The AC-1000 is from a new class of unit titled the mini-experimentals. Supreme Commander 2 has, Taylor reckons, 25 of these units. “Minis are so that players can enjoy the outrageous over-the-top nature of these units earlier on in the game. 15-20 minutes, build a mini-experimental. Lot of fun.” And it shows, with a fight between a Fatboy II (a slightly stripped-down version of the first game's Fatboy, which functions as a “mobile, land-based battleship,” according to Taylor) and a Megalith – a giant, beetle-like Cybran. More interesting was a major experimental that made an all-too-brief appearance: the Cybran-zilla, a part-dinosaur, part-robot monstrosity. Another major experimental tantalised, too – the Unit Cannon, a factory/artillery piece that builds units and then fires them across the map.

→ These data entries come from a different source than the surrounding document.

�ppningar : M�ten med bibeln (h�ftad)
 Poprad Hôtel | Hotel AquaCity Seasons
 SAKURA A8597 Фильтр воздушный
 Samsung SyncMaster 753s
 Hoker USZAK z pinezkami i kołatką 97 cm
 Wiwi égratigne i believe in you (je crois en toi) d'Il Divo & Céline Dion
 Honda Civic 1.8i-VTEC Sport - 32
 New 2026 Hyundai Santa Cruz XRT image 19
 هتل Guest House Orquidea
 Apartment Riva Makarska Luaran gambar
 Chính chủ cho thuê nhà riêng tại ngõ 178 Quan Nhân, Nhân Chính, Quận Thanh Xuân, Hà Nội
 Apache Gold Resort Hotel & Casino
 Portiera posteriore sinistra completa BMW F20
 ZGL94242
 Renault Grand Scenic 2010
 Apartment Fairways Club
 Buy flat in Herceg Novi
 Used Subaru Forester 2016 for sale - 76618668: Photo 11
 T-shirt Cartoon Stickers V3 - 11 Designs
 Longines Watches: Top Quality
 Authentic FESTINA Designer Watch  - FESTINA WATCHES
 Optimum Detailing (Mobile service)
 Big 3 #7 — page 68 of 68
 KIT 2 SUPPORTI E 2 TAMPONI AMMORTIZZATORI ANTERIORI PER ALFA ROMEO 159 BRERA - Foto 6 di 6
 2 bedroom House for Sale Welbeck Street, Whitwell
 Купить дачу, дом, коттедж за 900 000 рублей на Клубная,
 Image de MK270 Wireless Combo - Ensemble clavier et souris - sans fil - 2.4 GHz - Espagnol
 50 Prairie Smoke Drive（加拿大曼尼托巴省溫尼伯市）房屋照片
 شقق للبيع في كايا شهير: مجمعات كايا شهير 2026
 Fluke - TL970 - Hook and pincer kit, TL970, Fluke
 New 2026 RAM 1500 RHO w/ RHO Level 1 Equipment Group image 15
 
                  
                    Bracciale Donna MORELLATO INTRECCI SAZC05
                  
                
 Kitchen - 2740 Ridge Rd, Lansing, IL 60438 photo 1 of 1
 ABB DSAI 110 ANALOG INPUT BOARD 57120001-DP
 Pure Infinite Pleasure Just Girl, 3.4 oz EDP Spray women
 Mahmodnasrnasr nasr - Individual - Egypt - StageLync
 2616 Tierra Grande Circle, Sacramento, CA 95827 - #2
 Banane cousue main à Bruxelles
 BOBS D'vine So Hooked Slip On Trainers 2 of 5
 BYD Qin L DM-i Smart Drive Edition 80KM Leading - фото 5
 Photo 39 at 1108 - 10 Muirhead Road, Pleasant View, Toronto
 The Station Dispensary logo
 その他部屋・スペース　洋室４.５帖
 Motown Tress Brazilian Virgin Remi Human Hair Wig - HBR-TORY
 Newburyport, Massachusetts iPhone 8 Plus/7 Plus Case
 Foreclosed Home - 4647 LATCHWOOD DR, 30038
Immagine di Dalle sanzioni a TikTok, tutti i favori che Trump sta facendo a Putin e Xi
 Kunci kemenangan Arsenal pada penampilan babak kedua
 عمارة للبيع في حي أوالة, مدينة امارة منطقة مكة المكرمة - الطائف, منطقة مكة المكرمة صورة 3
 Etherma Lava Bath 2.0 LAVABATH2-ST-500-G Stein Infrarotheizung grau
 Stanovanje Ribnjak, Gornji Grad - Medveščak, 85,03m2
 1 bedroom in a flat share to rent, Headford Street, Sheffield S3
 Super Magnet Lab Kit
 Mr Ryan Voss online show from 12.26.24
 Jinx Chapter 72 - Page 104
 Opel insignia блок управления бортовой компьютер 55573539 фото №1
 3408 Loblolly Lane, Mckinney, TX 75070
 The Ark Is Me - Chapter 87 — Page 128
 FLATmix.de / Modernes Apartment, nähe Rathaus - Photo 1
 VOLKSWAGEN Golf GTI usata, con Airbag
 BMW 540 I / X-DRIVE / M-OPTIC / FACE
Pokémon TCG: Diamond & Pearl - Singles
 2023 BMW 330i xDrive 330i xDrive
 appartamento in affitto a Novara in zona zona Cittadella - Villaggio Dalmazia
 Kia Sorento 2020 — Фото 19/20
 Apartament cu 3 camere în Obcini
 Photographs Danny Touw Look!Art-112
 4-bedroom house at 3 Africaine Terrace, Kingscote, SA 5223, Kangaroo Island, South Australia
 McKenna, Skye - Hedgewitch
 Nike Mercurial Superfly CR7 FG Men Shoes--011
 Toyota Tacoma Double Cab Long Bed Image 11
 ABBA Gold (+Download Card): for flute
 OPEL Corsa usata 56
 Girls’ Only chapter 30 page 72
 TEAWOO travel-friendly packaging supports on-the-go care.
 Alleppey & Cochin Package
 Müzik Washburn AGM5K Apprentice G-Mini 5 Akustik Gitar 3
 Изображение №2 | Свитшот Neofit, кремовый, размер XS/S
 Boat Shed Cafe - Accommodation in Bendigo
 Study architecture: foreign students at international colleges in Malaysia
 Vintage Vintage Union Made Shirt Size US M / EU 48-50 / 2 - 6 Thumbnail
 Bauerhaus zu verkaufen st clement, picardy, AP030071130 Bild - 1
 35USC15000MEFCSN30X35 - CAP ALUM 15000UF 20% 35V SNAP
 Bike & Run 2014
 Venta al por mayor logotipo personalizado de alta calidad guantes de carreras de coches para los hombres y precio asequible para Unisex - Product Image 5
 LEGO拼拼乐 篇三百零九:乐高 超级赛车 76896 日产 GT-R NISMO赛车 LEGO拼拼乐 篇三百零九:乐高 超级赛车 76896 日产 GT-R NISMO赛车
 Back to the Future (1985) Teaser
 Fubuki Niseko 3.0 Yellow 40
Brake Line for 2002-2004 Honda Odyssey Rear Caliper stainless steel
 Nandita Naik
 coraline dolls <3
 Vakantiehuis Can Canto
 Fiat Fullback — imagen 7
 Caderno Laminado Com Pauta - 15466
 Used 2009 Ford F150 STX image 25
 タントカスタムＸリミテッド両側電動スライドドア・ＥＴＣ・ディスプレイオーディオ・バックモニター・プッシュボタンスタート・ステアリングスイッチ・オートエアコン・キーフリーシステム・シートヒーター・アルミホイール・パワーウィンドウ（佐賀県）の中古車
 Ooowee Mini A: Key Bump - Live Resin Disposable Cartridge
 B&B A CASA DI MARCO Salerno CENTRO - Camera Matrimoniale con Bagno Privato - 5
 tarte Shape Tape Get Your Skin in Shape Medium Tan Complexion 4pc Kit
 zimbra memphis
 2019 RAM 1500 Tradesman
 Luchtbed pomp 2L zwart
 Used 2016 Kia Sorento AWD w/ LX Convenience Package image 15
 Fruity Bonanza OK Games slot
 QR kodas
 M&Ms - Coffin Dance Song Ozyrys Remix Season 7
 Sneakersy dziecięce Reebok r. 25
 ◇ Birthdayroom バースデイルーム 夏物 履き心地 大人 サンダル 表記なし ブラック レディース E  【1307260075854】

But these are things that you know, or suspect. After all, Supreme Commander 2 is real-time strategy. It's tweaked real-time strategy, with lots of neat little ideas, but it's RTS. You build and upgrade units with a variety of capabilities, you take them to war, you get research points and upgrades, the map expands as you complete objectives, and you still have stupidly large experimental units to terrify your foes. And naturally, it looks absolutely stupendous, with a design ethos that seems to mirror Demigod, with the landscapes truly providing a setting that genuinely appears to enrich the experience rather than just being present.